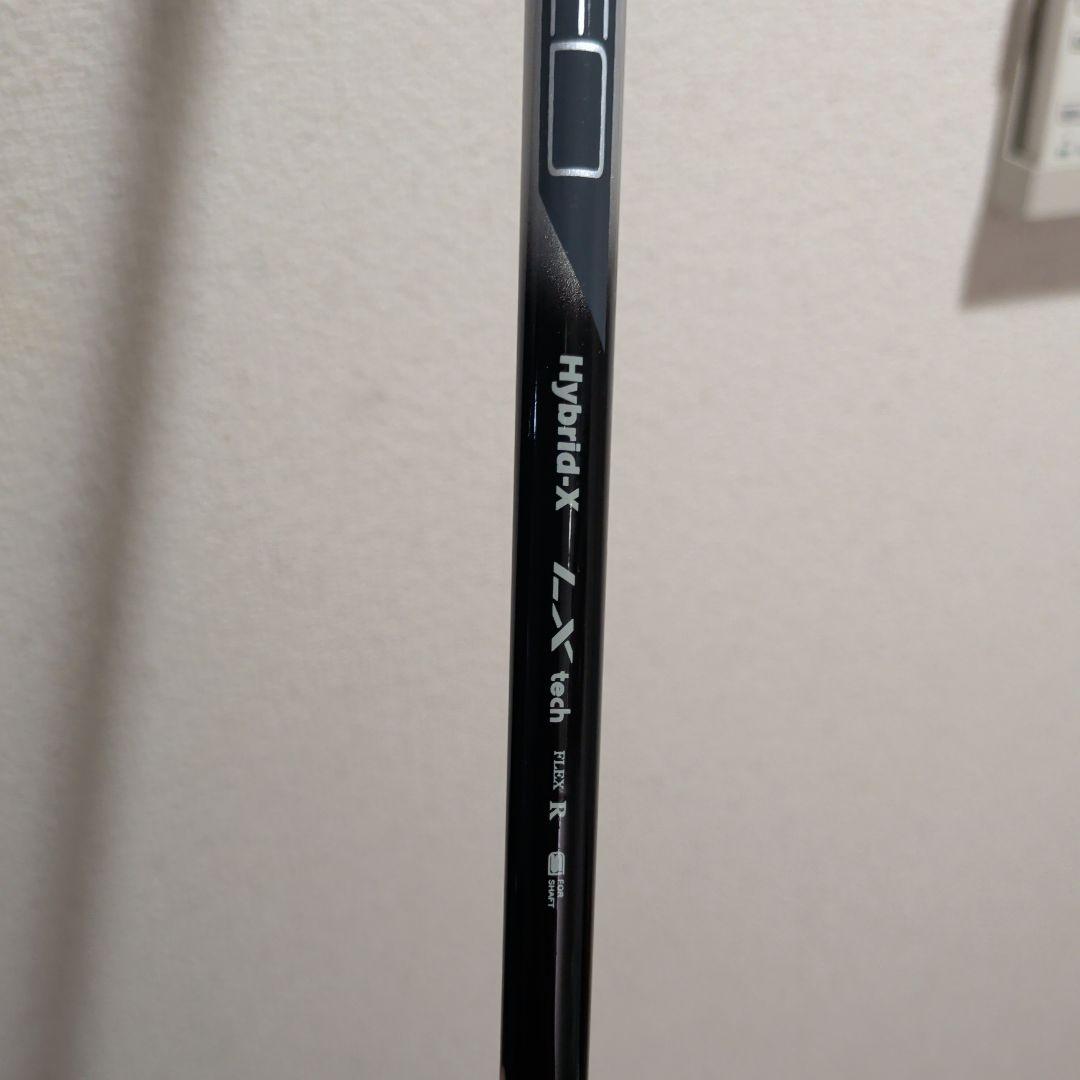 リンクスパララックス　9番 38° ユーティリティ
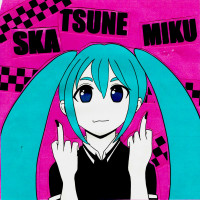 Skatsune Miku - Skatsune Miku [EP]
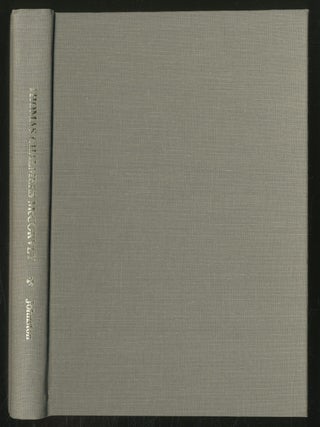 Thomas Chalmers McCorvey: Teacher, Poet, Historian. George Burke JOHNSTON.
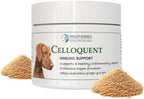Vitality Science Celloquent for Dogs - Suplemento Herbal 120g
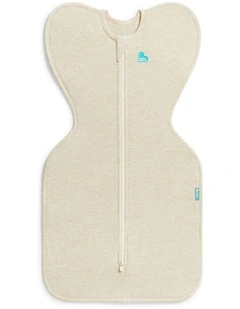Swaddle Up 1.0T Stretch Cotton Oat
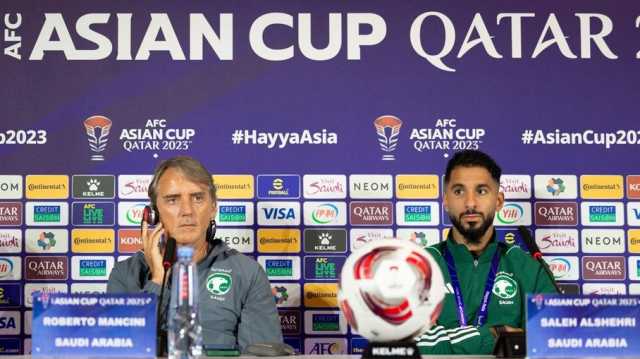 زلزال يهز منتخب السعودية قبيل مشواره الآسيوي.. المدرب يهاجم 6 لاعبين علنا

◆ ◆ ◆ ◆ ◆ ◆ ◆

### AIM OF THE TASK
Omit the pictures and reproduce the listing exactly.

### WRITTEN SOLUTION
 リンクスパララックス　9番 38° ユーティリティ
 Skatsune Miku - Skatsune Miku [EP]
 Thomas Chalmers McCorvey: Teacher, Poet, Historian. George Burke JOHNSTON.
Vitality Science Celloquent for Dogs - Suplemento Herbal 120g
Swaddle Up 1.0T Stretch Cotton Oat
 زلزال يهز منتخب السعودية قبيل مشواره الآسيوي.. المدرب يهاجم 6 لاعبين علنا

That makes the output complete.